◆ Entries supplied ◆
╔══

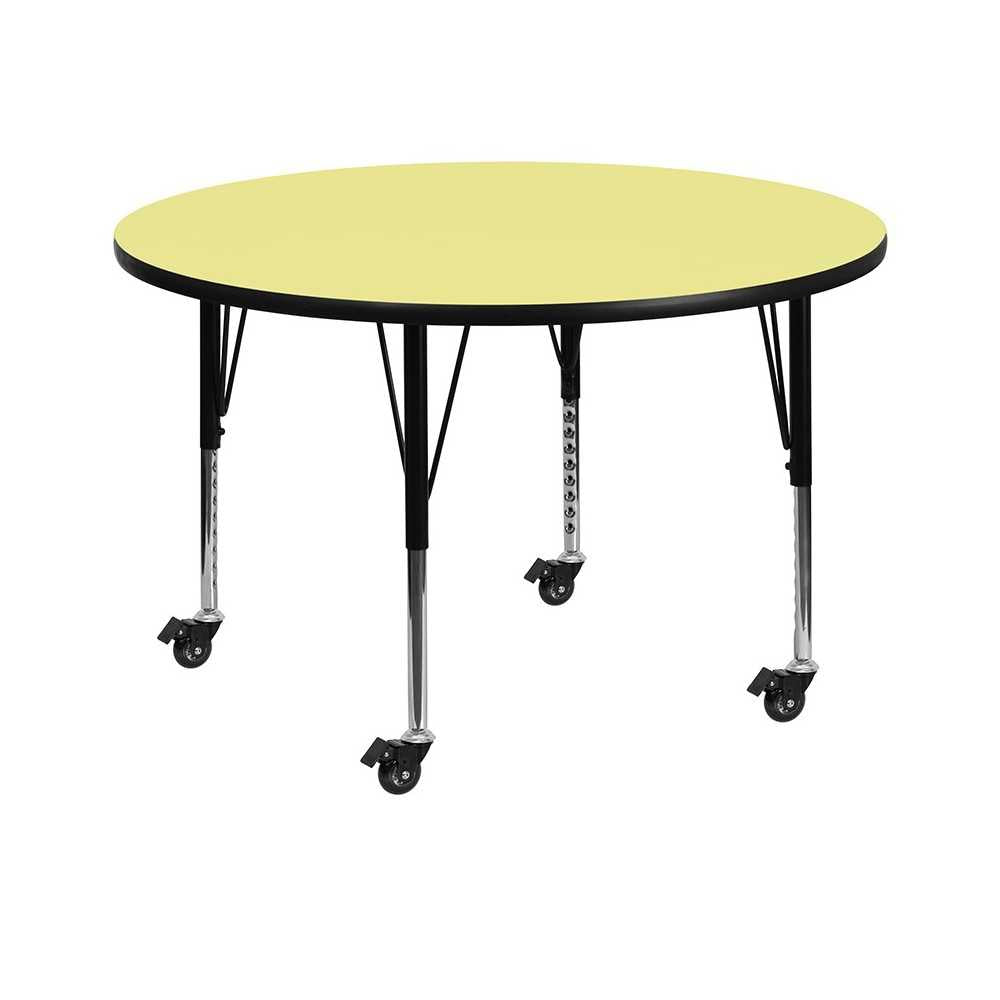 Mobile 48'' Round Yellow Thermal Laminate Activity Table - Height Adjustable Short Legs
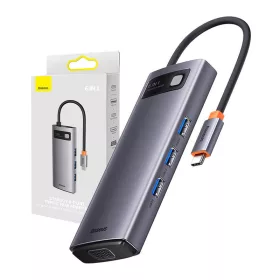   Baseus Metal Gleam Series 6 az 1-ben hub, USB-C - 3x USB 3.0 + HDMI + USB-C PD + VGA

╚══
╔══

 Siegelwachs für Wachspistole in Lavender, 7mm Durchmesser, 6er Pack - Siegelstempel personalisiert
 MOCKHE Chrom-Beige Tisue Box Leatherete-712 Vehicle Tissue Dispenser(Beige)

╚══

◆ What you are asked to do ◆
What to print is the stretch of entries from the line with "Mobile 48'' Round" up to and including the line with "Baseus Metal Gleam". Please print it exactly and leave out the pictures.

◆ Written answer ◆
 Mobile 48'' Round Yellow Thermal Laminate Activity Table - Height Adjustable Short Legs
   Baseus Metal Gleam Series 6 az 1-ben hub, USB-C - 3x USB 3.0 + HDMI + USB-C PD + VGA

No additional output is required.